**SOURCE MATERIAL:**
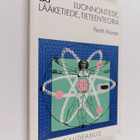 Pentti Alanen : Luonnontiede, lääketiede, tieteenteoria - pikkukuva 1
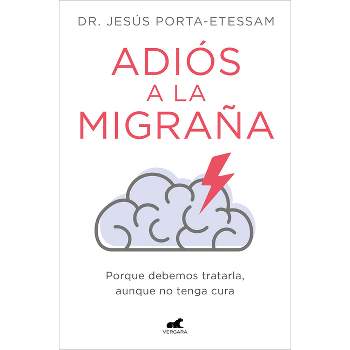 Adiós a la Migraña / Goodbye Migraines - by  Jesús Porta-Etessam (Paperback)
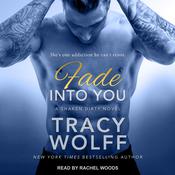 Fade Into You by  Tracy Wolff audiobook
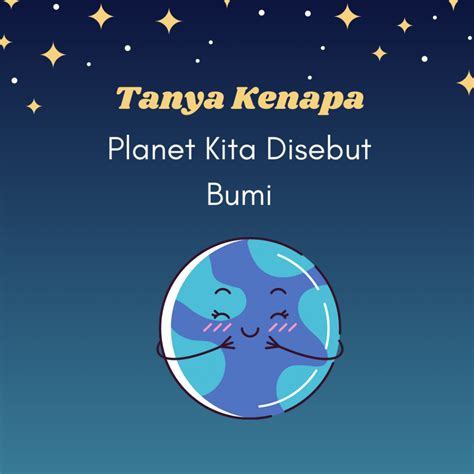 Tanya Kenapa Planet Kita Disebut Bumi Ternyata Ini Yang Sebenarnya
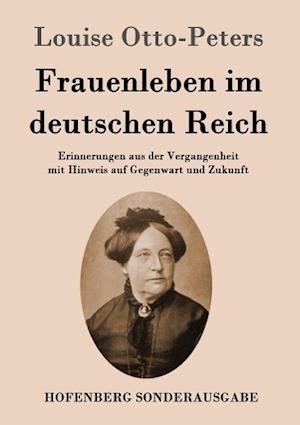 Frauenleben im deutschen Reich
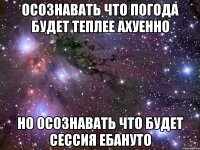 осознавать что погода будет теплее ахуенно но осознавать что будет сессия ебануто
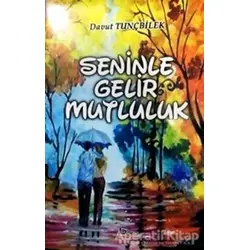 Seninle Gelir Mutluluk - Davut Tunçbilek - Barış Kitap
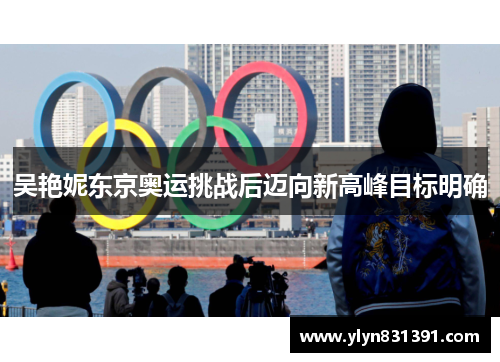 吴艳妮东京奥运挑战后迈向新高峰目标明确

...

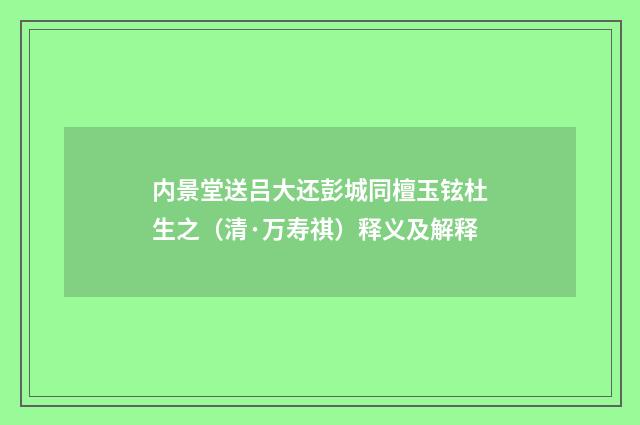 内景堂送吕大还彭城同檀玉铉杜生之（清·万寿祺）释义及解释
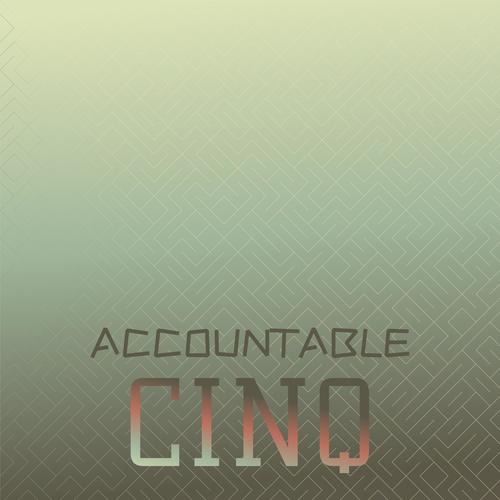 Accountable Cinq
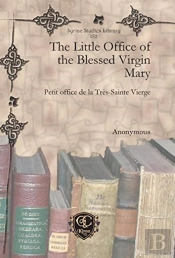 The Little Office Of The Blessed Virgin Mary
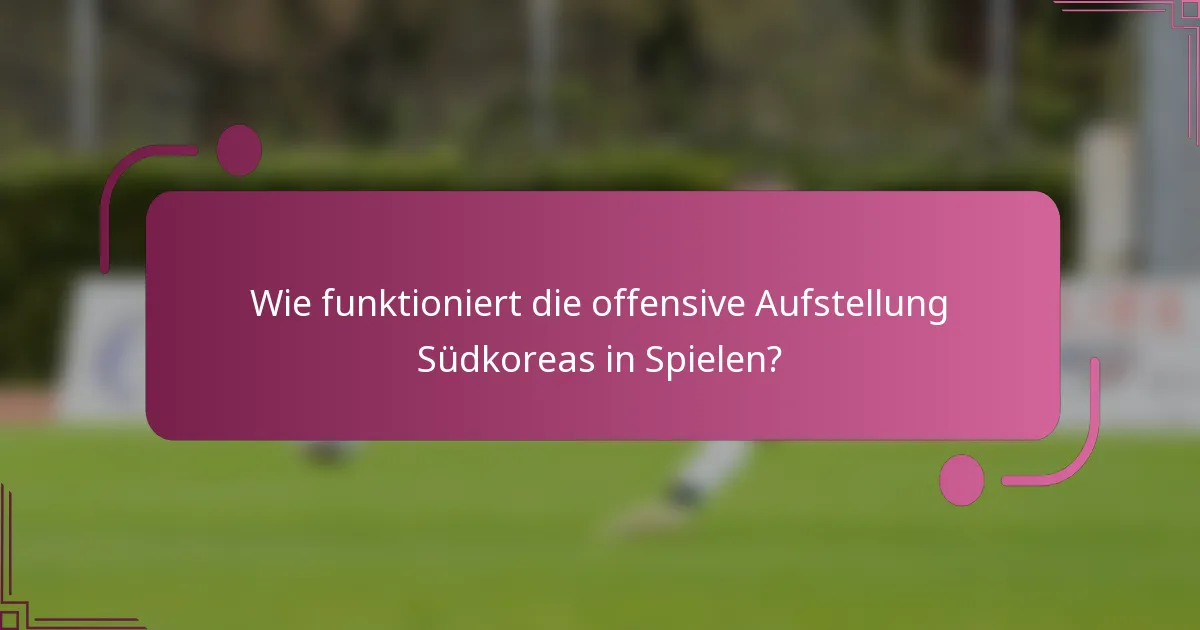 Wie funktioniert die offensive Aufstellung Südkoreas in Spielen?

**WHAT THE TASK REQUIRES:**
Write out word for word the lines of the listing above from the line with "The Little Office Of The Blessed Virgin Mary" to the line with "Wie funktioniert die", taking in both of those lines but no pictures.

**EXERCISE OUTPUT:**
 The Little Office Of The Blessed Virgin Mary
 Wie funktioniert die offensive Aufstellung Südkoreas in Spielen?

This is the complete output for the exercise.